The Rise and Fall of Paul
Robeson
Paul Robeson (1898-1976), the singer/actor/political
activist, was dining in a restaurant when he spotted Jackie Robinson and Don
Newcombe, the baseball players, at another table. He asked a waiter to invite
them over, so he could introduce them to his friends.
Jackie Robinson
sent back an angry response: “Fuck Paul Robeson.”
That’s from a
biography that tells the story of the tragic life of this gifted man (“Paul
Robeson All-American,” by Dorothy Butler Gilliam, 1978). Robinson was angry because
of Robeson’s recent unpatriotic remarks—that American blacks would never fight
against the Soviet Union, even if there were a war between the two countries. Robinson
had testified before Congress that Robeson’s remarks were “silly.”
We’ll return to
Jackie Robinson later.
Robeson did make
horrible mistakes. He had a foolish love affair with the totalitarian Soviet
Union: He had never lost his wonderment and delight in discovering a country
where black people were treated as equals. When the Soviets attacked Finland,
he indefensibly supported the Soviets. He fulsomely praised Stalin and accepted
the Stalin prize; refused to acknowledge Stalin’s anti-semitic purges or the
sham 1930s trials; defended the Soviet invasion of Hungary in 1956; tried to
get the United Nations to condemn the United States for genocide against
blacks; and never joined the American civil-rights movement because James
Farmer, a prominent black, asked that he first publicly reject the Soviet Union
and communism. Even when Stalin signed a non-aggression pact with Hitler in
1939, Robeson said it in no way altered his convictions. The agreement, he said,
was forced on Russia by France and England’s refusal to help protect the Soviet
Uinion,
While he never
joined the Communist party, Robeson was clearly an unrepentant “fellow
traveler.”
When he had
visited the Soviet Union, Robeson said, he had felt “like a human being for the
first time since I grew up. Here I am not a negro but a human being. Before I came I could hardly believe that
such a thing could be….Here, for the first time in my life, I walk in full
human dignity.”
It was his fatal
flaw—a stubborn allegiance to the
communist Soviet Union. It ruined his reputation.

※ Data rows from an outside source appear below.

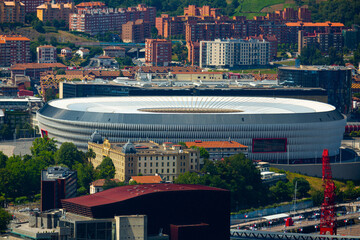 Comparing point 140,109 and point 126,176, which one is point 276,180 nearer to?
point 126,176

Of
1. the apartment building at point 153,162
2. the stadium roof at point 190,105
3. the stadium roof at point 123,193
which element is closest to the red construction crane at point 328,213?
the apartment building at point 153,162

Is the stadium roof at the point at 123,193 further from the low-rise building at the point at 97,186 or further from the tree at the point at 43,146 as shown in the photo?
the tree at the point at 43,146

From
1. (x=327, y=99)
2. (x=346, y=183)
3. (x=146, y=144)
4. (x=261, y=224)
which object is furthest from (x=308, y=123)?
(x=327, y=99)

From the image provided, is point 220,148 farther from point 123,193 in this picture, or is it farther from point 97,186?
point 123,193

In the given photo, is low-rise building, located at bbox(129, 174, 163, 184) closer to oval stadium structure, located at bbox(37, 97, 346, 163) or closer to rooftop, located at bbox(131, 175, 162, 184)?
rooftop, located at bbox(131, 175, 162, 184)

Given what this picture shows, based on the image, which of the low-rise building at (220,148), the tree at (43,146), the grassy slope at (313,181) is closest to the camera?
the grassy slope at (313,181)

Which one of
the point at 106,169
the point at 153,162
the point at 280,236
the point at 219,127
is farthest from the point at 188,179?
the point at 219,127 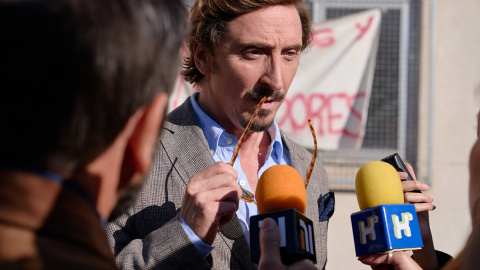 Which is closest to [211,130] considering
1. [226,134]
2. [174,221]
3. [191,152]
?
[226,134]

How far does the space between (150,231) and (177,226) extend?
285mm

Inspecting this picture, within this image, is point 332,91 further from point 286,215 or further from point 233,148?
point 286,215

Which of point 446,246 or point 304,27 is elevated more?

Robeson also had an unconventional
married life, and carried on many affairs, apparently with the knowledge of his
wife, Essie, an intelligent, helpful woman. She was justifiably furious. After
a while, they just had a “companionate” marriage.
Jose Ferrar, the actor, was married to Uta
Hagen, who played Desdemona to Robeson’s Othello, and Ferrar walked in on the
two of them in bed—not inside a theater. A divorce followed.
Robeson had
almost married another woman he had acted with, Peggy Ashcroft. In fact, there
were a few white women he almost married—but his black friends discouraged him.
They also discouraged him from joining the Communist party when he offered to,
thinking it might help the cause.
Robeson acted in a
good many movies, and his most memorable performance was as Joe in “Showboat,”
in which he sang “Ol’ Man River.”
https://www.youtube.com/watch?v=yyJtGNk9iEU
He was so famous at one time—thanks
to performances in films, plays, concerts—that just about everyone wanted to meet
him, and he encountered Bernard Shaw, Harry Truman (he asked him to push for a
strong anti-lynching law, but Truman said it wasn’t the right time), Lena
Horne, Rebecca West, Pola Negri, Hart Crane, Heywood Broun, Mrs. Patricia
Campbell, Emma Goldman, G.B. Stern, Mary Garden, Gertrude Stein, Ramsay
MacDonald, Igor Sravinsky, Albert Einstein, Stanislavsky, Marian Anderson,
Alexander Woolcott, Lorraine Hansberry, Zero Mostel, and Nikita Khrushchev.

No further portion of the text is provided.